Faculty assembled in University Hall heard a range of business. Hoekstra welcomed Professor [**David Deming**](https://college.harvard.edu/about/dean-deming) to his first meeting as Danoff Dean of Harvard College. Deming used the opportunity to invite faculty to nominate Currier House Faculty Deans (current deans Latanya Sweeney and Sylvia Barrett will step down at the end of the year having served 10 years) and also invited them to join students in the dining halls, noting that they could now swipe in for three meals a week, as meaningful opportunities for faculty and students to interact outside of the classroom.

“Any time with students is wind in my sails,” he said. “They are so optimistic, and they are so excited about being here.”

Recentering academics for undergraduates is a priority for Hoekstra, who referred to the foundational [**work**](https://www.fas.harvard.edu/sites/g/files/omnuum716/files/2025-04/CSCC-FINAL_Adopted-03.04.25-FINAL-ua_0.pdf) of the Classroom Social Compact committee last year that laid the groundwork for collective action by the faculty. “It’s about making what happens in the classroom something they don’t want to miss out on,” she said. “We have an opportunity to re-establish the classroom as a place of wonder and challenge – where students wrestle with ideas that will shape them as thinkers, scholars, and leaders long after their time at Harvard.”

On the docket were legislated reviews of both the Environmental Science and Engineering (ESE) concentration and of course scheduling. SEAS Dean David Parkes and Associate Dean of Undergraduate Education, Academic Programs and Policy Gillian Pierce presented on the ESE’s two tracks (the broader Bachelor of Arts and the more engineering heavy Bachelor of Science).FAS Registrar Erika McDonald presented a review of course scheduling, noting the successful standardization of start times and even the elimination of “Harvard time” Continued challenges included lack of diversity of course options on the Allston campus and low scheduling on Fridays and at 9 a.m. times, with McDonald adding that efforts “to decompress the schedule and find more time for lunch for students” will continue.

Earlier in the meeting, faculty heard poignant reminiscences of Richard Goody, Mallinckrodt Professor of Planetary Physics, Emeritus, who died in 2023, and Tai Tsun Wuy, Gordon McKay Professor of Applied Physics and Professor of Physics, Emeritus, who passed away last year. Jennifer Roberts, Drew Gilpin Faust Professor of the Humanities, was also named an FAS Arts and Sciences Professor by Hoekstra in recognition of her exceptional contributions to research and teaching.

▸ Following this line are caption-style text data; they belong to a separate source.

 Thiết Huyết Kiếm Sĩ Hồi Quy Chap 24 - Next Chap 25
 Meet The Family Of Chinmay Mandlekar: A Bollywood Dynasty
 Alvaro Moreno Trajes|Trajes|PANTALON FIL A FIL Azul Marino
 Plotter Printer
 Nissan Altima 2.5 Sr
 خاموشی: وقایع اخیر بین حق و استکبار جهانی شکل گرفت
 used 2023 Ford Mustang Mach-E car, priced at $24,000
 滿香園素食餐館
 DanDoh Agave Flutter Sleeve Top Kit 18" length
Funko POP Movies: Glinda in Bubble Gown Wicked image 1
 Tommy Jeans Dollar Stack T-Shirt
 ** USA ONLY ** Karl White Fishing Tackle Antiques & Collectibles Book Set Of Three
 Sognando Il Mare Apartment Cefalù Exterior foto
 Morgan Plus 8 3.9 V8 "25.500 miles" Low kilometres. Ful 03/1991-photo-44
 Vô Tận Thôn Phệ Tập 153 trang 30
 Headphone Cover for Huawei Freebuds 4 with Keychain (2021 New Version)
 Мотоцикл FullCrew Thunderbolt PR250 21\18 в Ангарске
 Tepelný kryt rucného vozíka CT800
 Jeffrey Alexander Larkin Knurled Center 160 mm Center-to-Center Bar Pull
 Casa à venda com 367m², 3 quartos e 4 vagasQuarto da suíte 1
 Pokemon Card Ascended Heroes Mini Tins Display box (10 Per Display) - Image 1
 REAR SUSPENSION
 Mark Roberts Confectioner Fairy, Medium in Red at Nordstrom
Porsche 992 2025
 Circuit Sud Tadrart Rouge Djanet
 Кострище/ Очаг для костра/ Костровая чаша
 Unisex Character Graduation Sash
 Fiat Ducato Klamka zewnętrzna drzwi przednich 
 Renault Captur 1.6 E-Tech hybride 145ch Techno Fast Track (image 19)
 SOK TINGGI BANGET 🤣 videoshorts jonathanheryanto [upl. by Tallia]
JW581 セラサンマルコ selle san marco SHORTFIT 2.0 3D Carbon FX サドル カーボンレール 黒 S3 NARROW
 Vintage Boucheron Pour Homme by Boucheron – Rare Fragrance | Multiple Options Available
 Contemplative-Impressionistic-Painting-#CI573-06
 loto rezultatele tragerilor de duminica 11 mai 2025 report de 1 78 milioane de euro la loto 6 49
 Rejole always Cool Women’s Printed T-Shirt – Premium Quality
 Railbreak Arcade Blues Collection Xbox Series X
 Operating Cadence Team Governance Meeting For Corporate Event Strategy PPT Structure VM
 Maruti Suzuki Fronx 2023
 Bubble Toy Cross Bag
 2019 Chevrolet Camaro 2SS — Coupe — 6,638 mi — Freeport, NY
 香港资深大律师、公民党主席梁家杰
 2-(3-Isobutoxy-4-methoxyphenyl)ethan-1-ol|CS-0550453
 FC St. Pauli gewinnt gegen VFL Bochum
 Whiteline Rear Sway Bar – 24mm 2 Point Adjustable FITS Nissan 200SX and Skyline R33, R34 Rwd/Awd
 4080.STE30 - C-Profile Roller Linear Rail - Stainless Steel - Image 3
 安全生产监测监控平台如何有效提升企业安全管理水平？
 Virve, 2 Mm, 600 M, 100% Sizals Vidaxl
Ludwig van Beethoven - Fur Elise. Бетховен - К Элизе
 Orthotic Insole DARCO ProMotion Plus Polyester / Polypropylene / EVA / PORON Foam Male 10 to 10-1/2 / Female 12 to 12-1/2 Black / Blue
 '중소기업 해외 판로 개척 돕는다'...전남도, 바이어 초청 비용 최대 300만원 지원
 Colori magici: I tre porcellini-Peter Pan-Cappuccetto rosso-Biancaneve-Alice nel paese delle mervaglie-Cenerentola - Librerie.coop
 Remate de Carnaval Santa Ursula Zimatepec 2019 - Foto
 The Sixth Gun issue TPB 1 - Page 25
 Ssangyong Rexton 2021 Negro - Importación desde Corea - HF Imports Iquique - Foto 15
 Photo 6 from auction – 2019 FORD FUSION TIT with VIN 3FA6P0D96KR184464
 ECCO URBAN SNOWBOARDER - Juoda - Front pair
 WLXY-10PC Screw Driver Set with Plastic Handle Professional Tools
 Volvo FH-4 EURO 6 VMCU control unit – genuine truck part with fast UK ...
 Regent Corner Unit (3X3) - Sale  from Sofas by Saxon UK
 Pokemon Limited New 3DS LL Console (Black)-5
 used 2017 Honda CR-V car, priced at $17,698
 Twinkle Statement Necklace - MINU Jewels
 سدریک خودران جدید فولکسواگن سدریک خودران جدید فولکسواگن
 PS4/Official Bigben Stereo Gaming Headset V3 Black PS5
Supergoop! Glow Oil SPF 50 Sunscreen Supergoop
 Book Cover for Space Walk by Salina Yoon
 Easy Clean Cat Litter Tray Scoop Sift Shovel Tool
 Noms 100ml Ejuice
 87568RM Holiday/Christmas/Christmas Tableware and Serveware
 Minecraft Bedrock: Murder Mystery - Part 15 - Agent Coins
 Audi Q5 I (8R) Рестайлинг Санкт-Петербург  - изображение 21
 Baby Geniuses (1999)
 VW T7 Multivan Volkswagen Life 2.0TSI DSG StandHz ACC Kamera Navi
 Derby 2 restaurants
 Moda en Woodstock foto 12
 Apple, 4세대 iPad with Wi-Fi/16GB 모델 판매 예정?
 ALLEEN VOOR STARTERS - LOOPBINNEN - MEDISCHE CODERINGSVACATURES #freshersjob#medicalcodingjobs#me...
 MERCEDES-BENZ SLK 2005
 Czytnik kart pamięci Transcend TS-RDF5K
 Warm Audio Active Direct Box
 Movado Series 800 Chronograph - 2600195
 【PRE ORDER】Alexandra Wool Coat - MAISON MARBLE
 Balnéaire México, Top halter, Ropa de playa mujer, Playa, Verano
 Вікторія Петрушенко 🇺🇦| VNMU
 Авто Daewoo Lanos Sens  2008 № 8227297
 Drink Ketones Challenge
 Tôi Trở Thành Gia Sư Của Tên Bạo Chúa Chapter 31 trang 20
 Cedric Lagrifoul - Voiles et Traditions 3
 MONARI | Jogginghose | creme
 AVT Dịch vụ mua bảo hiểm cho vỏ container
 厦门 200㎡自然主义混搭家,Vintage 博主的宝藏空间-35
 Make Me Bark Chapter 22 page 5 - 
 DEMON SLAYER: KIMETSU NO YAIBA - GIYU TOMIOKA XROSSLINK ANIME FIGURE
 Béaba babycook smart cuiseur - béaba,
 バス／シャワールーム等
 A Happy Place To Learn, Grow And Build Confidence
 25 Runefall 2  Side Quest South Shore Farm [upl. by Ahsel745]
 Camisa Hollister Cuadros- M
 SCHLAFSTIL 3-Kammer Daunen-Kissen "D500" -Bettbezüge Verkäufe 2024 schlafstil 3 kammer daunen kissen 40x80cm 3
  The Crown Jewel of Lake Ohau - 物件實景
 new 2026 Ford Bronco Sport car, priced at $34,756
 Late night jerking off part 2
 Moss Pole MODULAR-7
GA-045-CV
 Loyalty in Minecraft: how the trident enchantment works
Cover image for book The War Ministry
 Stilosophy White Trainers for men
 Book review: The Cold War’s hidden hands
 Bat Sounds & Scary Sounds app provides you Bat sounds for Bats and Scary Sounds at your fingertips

[**Stephen Greenblatt**](https://english.fas.harvard.edu/people/stephen-greenblatt), John Cogan University Professor of the Humanities, gave the Research Minute presentation, focusing on his new book “Dark Renaissance: The Dangerous Times and Fatal Genius of Shakespeare’s Greatest Rival.” Greenblatt set the scene of 1560s England as a “cultural wasteland” – one in which poet and playwright Christopher Marlowe found success as a student in Cambridge only to meet an early death, with his murder at age 29. A master storyteller, Greenblatt ended his brief talk with a cliffhanger, noting that more recent research called into question the motive for the murder.